I don'tr cut and past much, but I thought some of you might enjoy the perspective.



> The sun beat like a hammer, not a cloud was in the sky.
> The mid-day air ran thick with dust, my throat was parched and dry.
> With microphone clutched tight in hand and cameraman in tow,
> I ducked beneath a fallen roof, surprised to hear "stay low."
> ...


----------



## zogman (Mar 20, 2002)

AWESOME................

Gave me a little lump in the throat and moist area on my eye lid.

THANKS Plainsmen :thumb:


----------



## Johnny (Oct 12, 2005)

:thumb:


----------



## greenheadfallon (Oct 19, 2005)

thanks for posting that :thumb: :beer:


----------



## huntin1 (Nov 14, 2003)

Awww plainsman, I know where you got that one, and it choked me up, AGAIN.

:beer:

huntin1


----------



## Bore.224 (Mar 23, 2005)

Yes very moving, hope the camera man then did not investigate the body of the suspected suicide bomber only to find he was hiding a loaf of bread under his shirt.
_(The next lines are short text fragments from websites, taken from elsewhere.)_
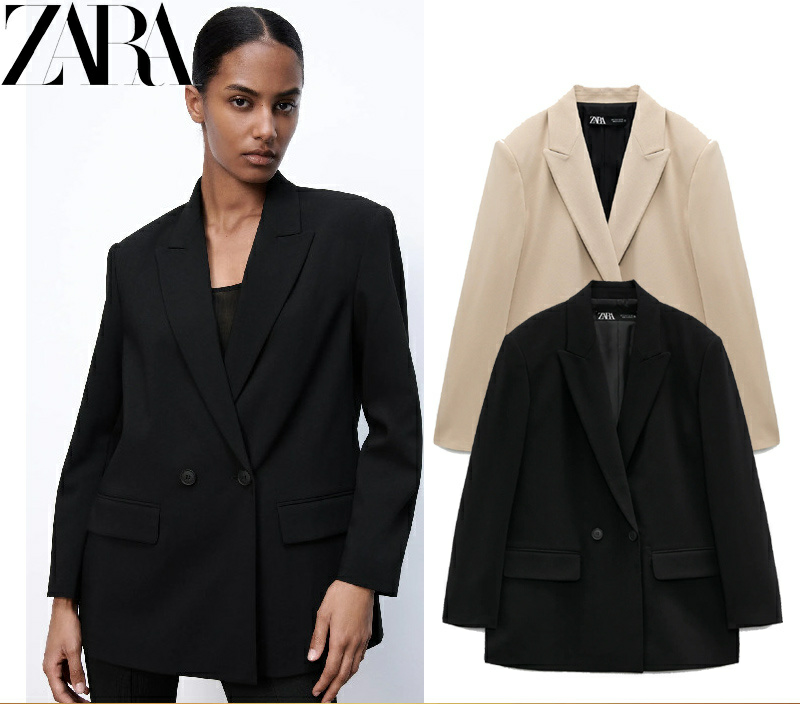 Áo blazer, vest zara nữ dài tay 2 lớp đứng form hàng đẹp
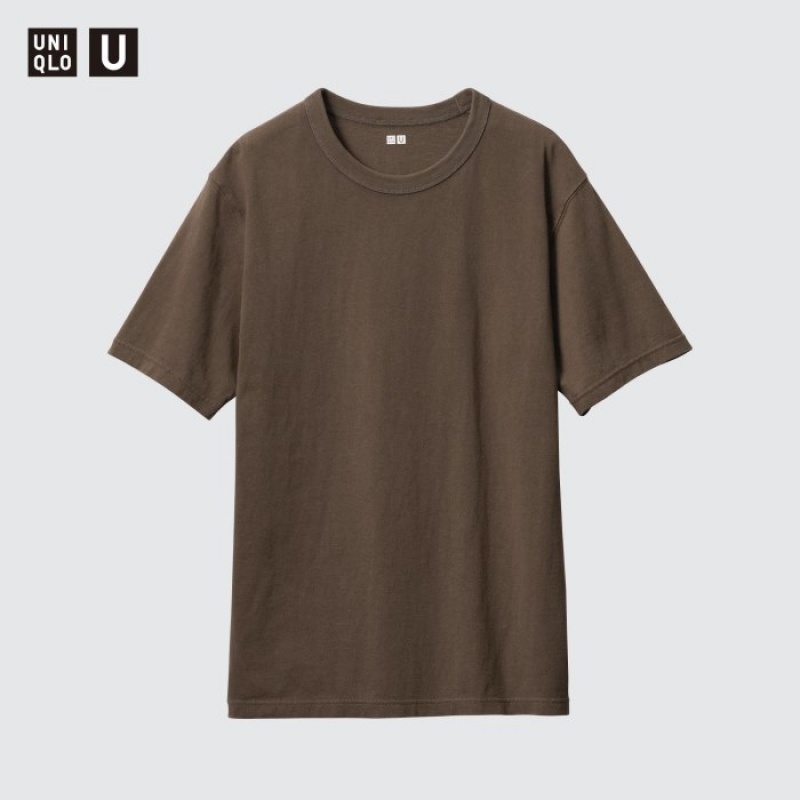 Red Uniqlo U Crew Neck Short-sleeve Women T Shirts | 849261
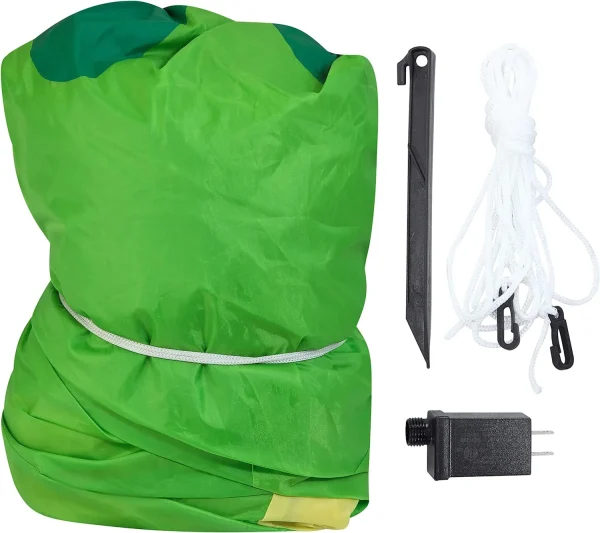 Joiedomi 6ft Tall LED Christmas Inflatable Dinosaur 8 Joiedomi 6ft Tall LED Christmas Inflatable Dinosaur - Image 6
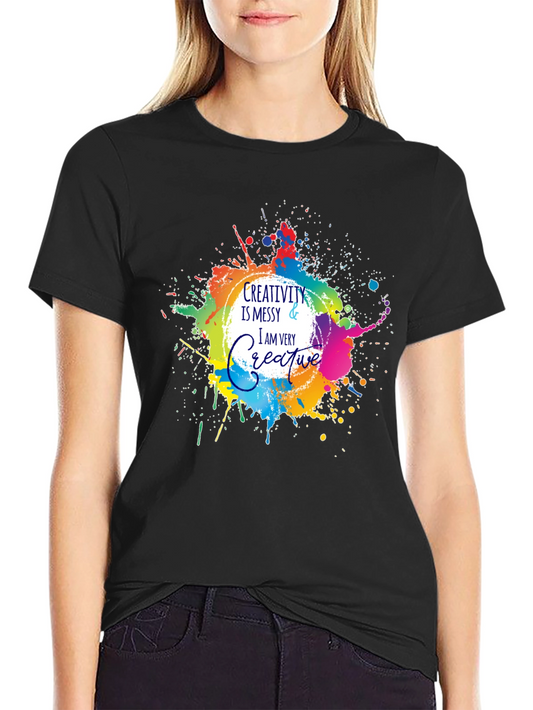 Creativity Messy T-Shirt - Artistic Graphic Tee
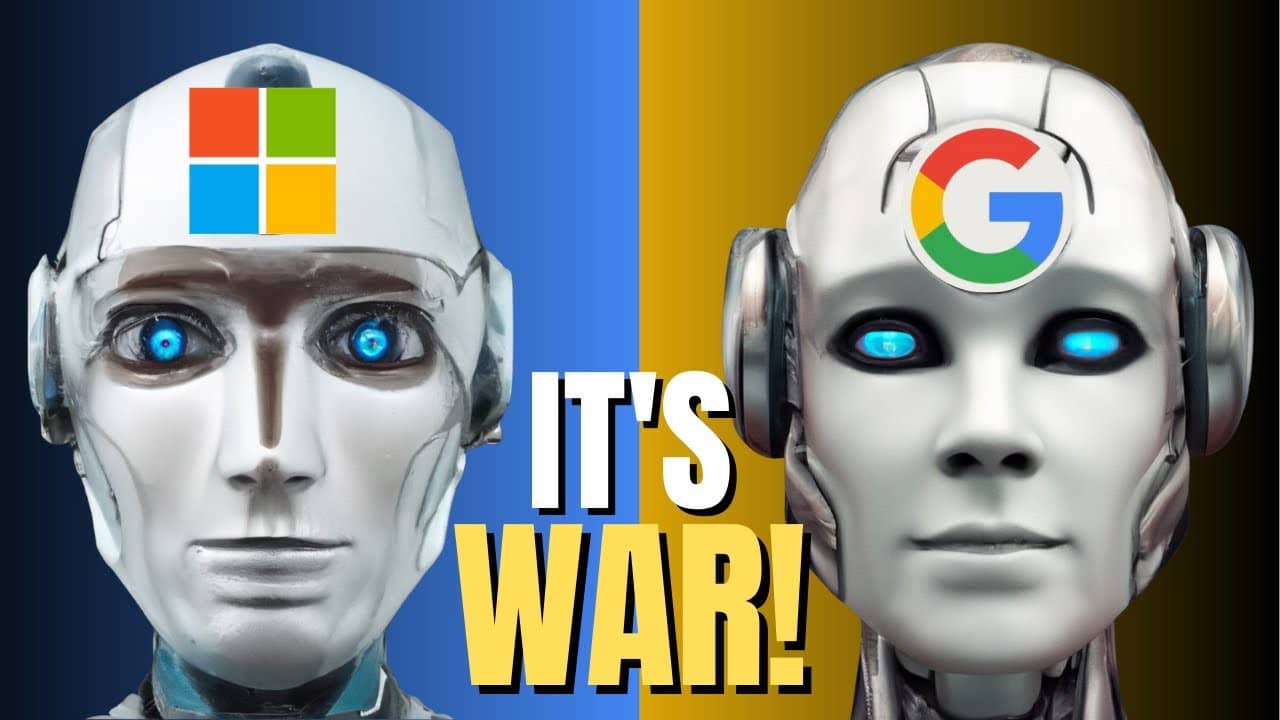 Ai war graphic, microsoft verses google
Report that on the news and bring the sniper up on charges. And thats the rest of the story :eyeroll:


----------



## Plainsman (Jul 30, 2003)

Bore224, isn't that the sad truth. Personally I interpret it in the hopes that Americans appreciate what our soldiers do for us. Your statement brings to mind the soldier a couple years ago who shot an Iraqi who was playing dead, waiting for his chance to do damage. The media wanted the man punished. They look for the worst in out soldiers. I remember that, and how many liberals wanted to see that man behind bars. Many people don't even want us to have heroes in stories, and I guess that is what you are pointing out. I agree.


----------



## Bore.224 (Mar 23, 2005)

Plainsman , that very incident you mention in your last post is what inspired my little story. It is sad indeed not only do our Heros have to worry about being killed but they have to worry about going to jail. :eyeroll:


----------